* **TASK TO COMPLETE**
Give the listing again word for word. Leave every image out.

* **PROVIDED MATERIAL**

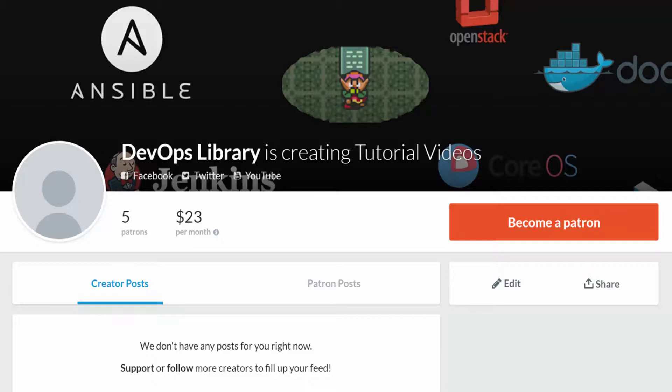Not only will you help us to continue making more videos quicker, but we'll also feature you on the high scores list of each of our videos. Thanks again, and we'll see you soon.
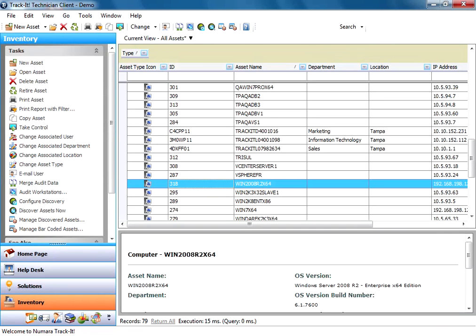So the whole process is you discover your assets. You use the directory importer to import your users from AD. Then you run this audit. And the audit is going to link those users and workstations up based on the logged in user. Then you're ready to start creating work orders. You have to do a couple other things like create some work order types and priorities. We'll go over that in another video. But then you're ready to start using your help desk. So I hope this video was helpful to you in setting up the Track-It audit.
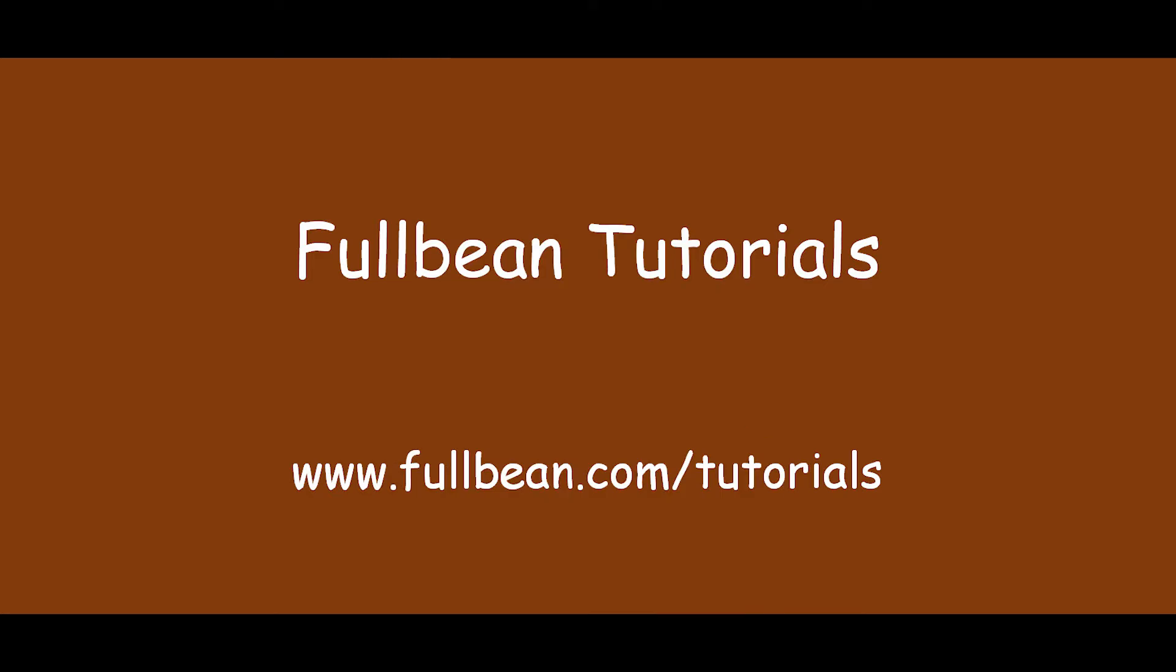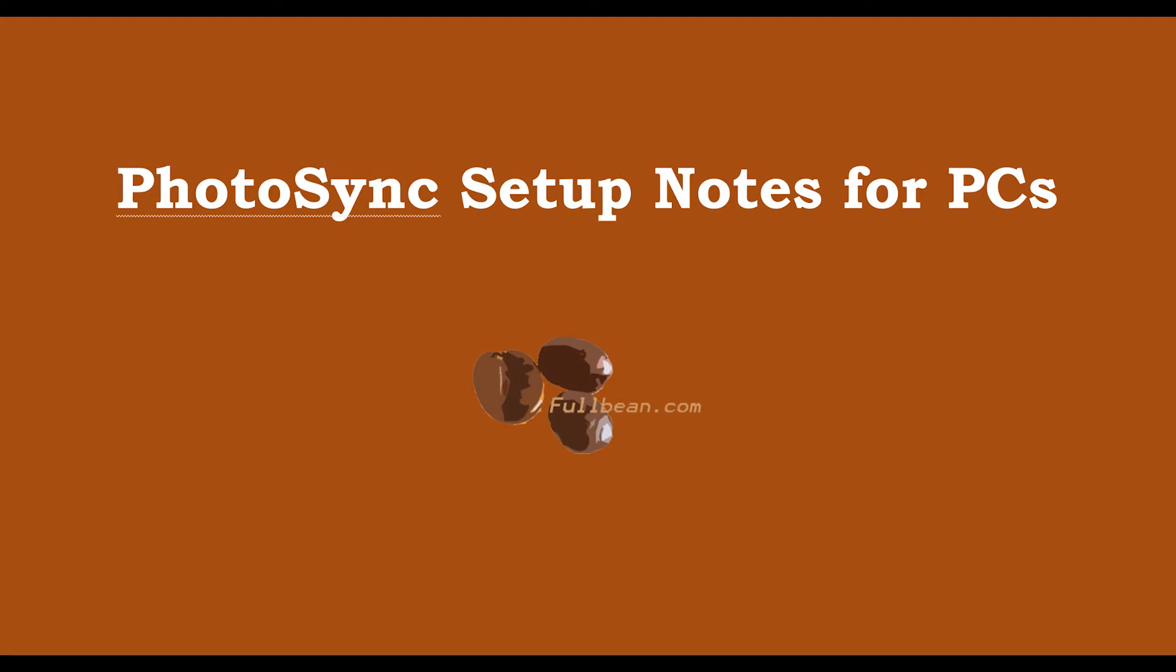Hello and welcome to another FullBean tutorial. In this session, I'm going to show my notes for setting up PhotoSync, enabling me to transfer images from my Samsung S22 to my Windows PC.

* **ANSWER TO THE PROBLEM**
Not only will you help us to continue making more videos quicker, but we'll also feature you on the high scores list of each of our videos. Thanks again, and we'll see you soon.
So the whole process is you discover your assets. You use the directory importer to import your users from AD. Then you run this audit. And the audit is going to link those users and workstations up based on the logged in user. Then you're ready to start creating work orders. You have to do a couple other things like create some work order types and priorities. We'll go over that in another video. But then you're ready to start using your help desk. So I hope this video was helpful to you in setting up the Track-It audit.
Hello and welcome to another FullBean tutorial. In this session, I'm going to show my notes for setting up PhotoSync, enabling me to transfer images from my Samsung S22 to my Windows PC.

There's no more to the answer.